When I write poetry it is a compulsion, something that needs to come out of me. That’s why I always carry a pen on me and at least one piece of paper. You never know when it’s gonna come. I write a lot on the subway. Because my life is generally very busy, I write a lot in practical spaces where I actually have the time and life is still for that moment, i.e. a subway. What’s interesting about a subway though is it’s a transition moment, where you can’t do much but sit and wait for your stop, but at the same time there’s a lot of life around you. Life I often want to engage with but feel too shy in that environment, and I’ll write about that, or I will engage and write about that. So, basically when I have the time and it feels right. Then sometimes you gotta make the time.

What book or chapter of a book are you most proud of writing?

Some of my favorite pieces are “Jive,” “By The Dumpster”… Ahh, it’s tough to say. I really do like them all in their own way. I had a lot to pick from, over 300 pieces, so I made sure these were the strong ones. That said, I think each piece has it’s own special thing to offer. Check them out and see for yourself!

What cultural value do you see in writing/reading/storytelling/etc.?

Extremely important. To me these poems are about social things, most definitely, and I hope the audience relates. To situations like the subway’s frustrating quietness, a person behind bars either physically or mentally, the modern world (see “How Many Licks” for instance), and so forth… I could go on. I love performing the pieces as well, to really make them come alive. Many of the poems are stories as well as feelings, and to share those is a really a blessing. I hope that people can relate in some way.

How is your writing connected to present day events?
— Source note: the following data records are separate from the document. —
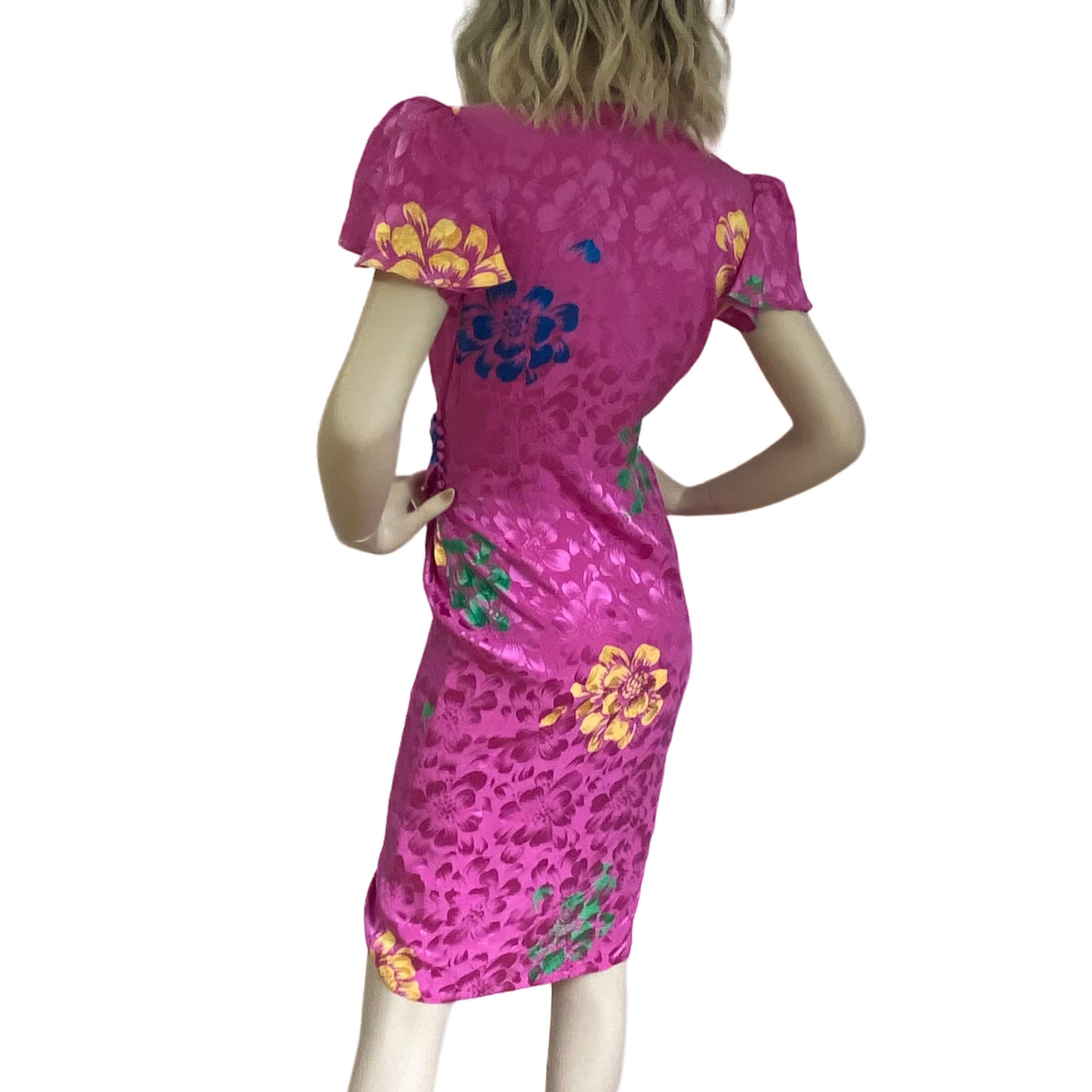 Flora Kung flutter sleeve silk jacquard wrap 'Gwyn' dress. 
Flutter sleeves and sleeve pads.
Spaghetti ties plus self-fabric covered loops and buttons.
Dress only. Accessories are listed separately.
Condition: NWT from FK design library 
Check out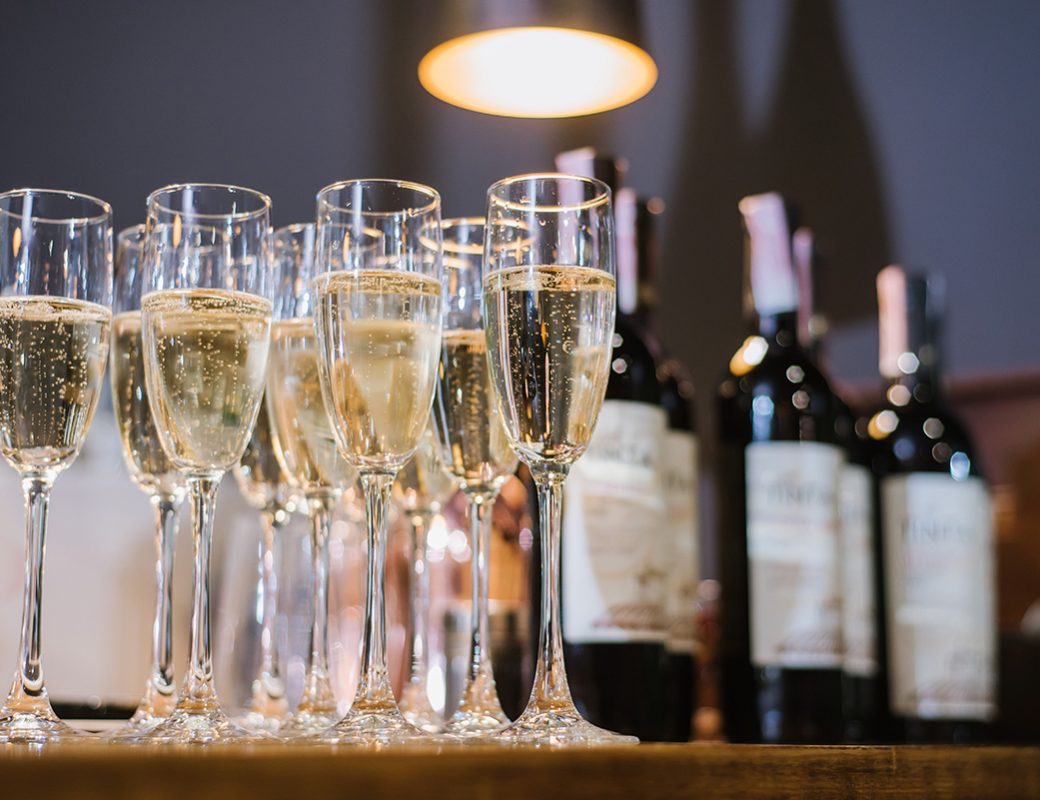 A glasses with champagne on the table at the restaurant. Preparation to celebrate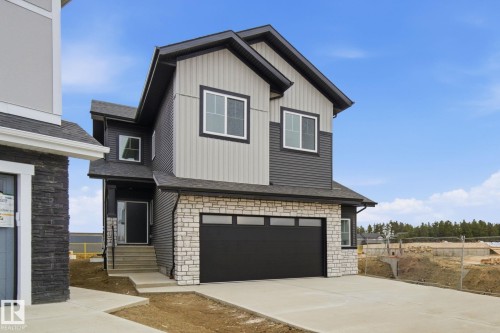 View of front of home with stone siding, a garage, driveway, and roof with shingles - 3309 Chernowski Way, Edmonton, AB - Outdoor
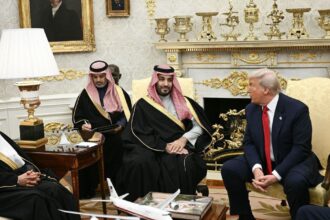 Bandeiras dos Estados Unidos e da Arábia Saudita diante de instalação nuclear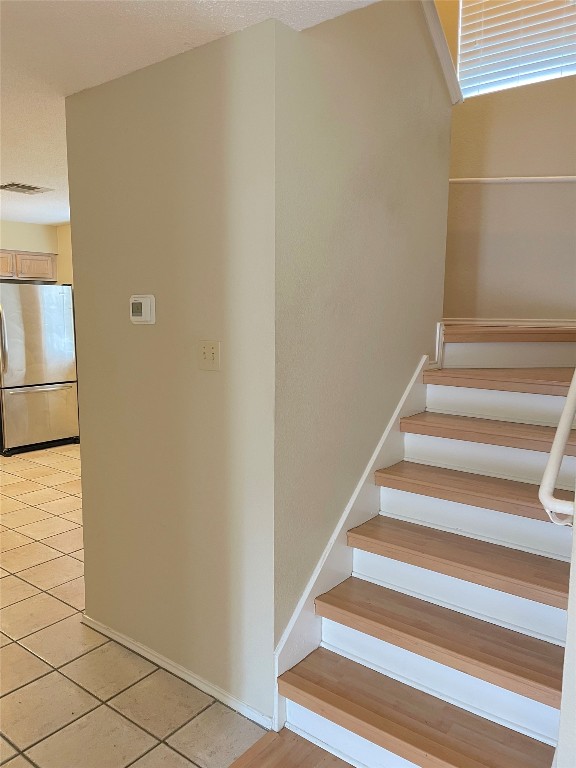 8501 Bismark Cove Austin, TX 78745 - Photo 8 of 24 a view of staircase with white walls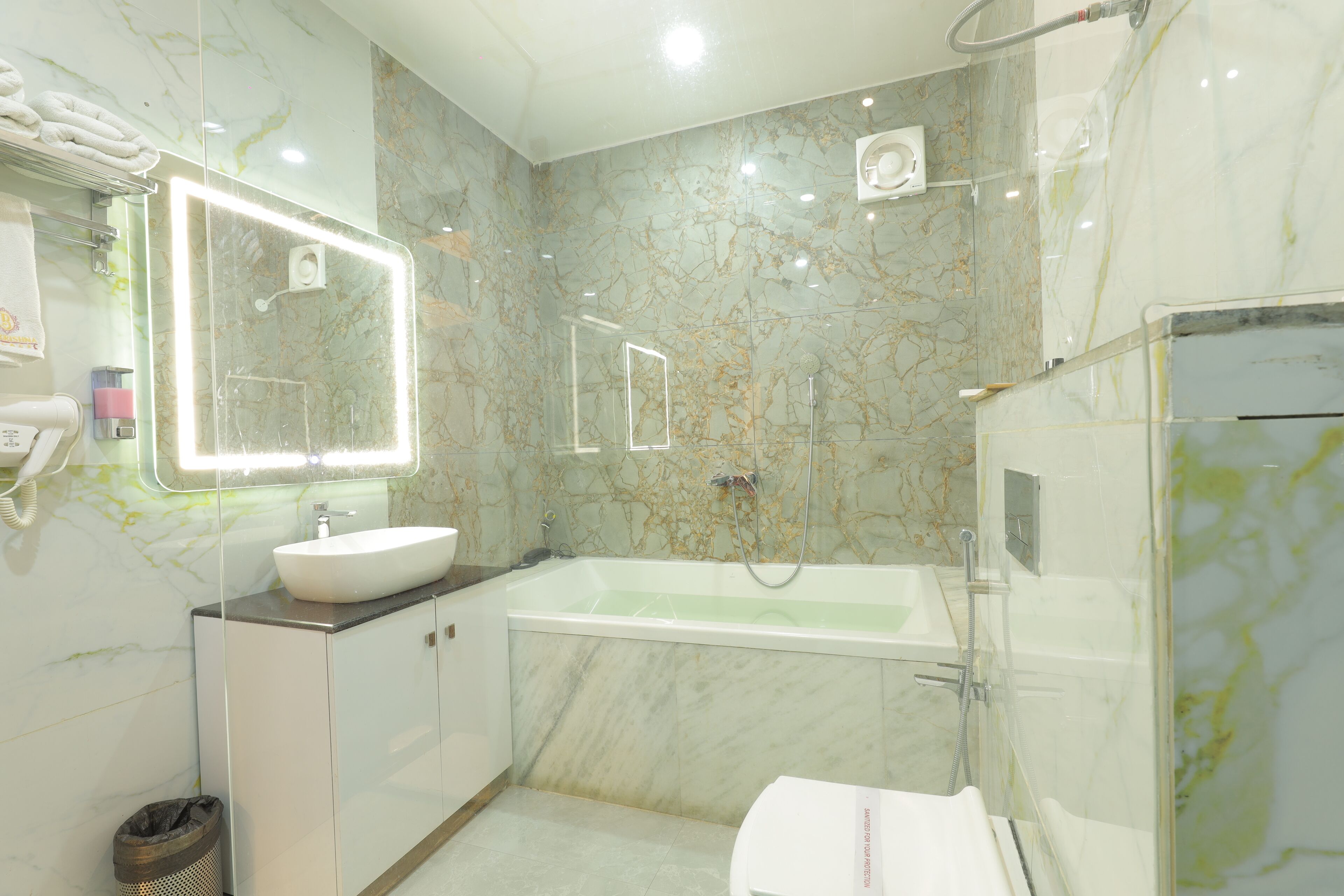 A bathroom with a marble wall, a sink, a bathtub, and a shower.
By being very “here and now” pieces about being in New York City on the day to day tip, there’s a lot of present day stuff you’ll find that I think people in other modern cities might relate to. But I definitely try to go deeper than just cosmopolitan shit, cuz that’s of course just one way of life. There’s a lot of pieces in here about prison, that allude to mass incarceration and racial injustice in the system, a la my music project Die Jim Crow. Though there are pieces that are very much present day, I purposefully try to make these pieces timeless by not using certain words, like “Instagram,” or “hashtag,” or “Hillary Clinton,” “Donald Trump,” “Barack Obama.” Because in one hundred years, I’d rather some person doesn’t have to go look up something to understand it. I’d rather it be more universal.

What do you like to read in your free time?

I read a lot of letters from prison as part of the Die Jim Crow project I’m doing. That’s where most of my reading time gets taken up. Lately I’ve read two rock memoirs, Bruce Springsteen’s and Al Jourgenson’s from Ministry. They were both great.

What projects are you working on at the present?

Die Jim Crow. That’s my main thing, a concept album about racism in the U.S. prison system. You can listen to the EP we put out at, or see the website at We’re working on the full length LP now. It’s going to be epic. I’m also trying to record and work on more of my own solo music, which at this point is mostly just vocals and guitar, but my other work life gets in the way. It’s very difficult to find spare time for me. I also work full time at a wood shop building film sets. My life is too busy and I need a grant, if there’s anyone out there who wants to help… SOS.

What do your plans for future projects include?

Die Jim Crow is going to be a double album, sort of like Pink Floyd’s “The Wall” — very epic in scope. I would like to put out another poetry book but we’ll just have to see how “Meat & Milk” goes. I really have no idea what the reactions will be like, or where my life will go. I think before I put out another poetry book though I’d like to drop an album of my own music. That’s really a priority. And finishing Die Jim Crow. But I’m super excited to have Meat & Milk out. We’ll just see where the river takes it…. Amen!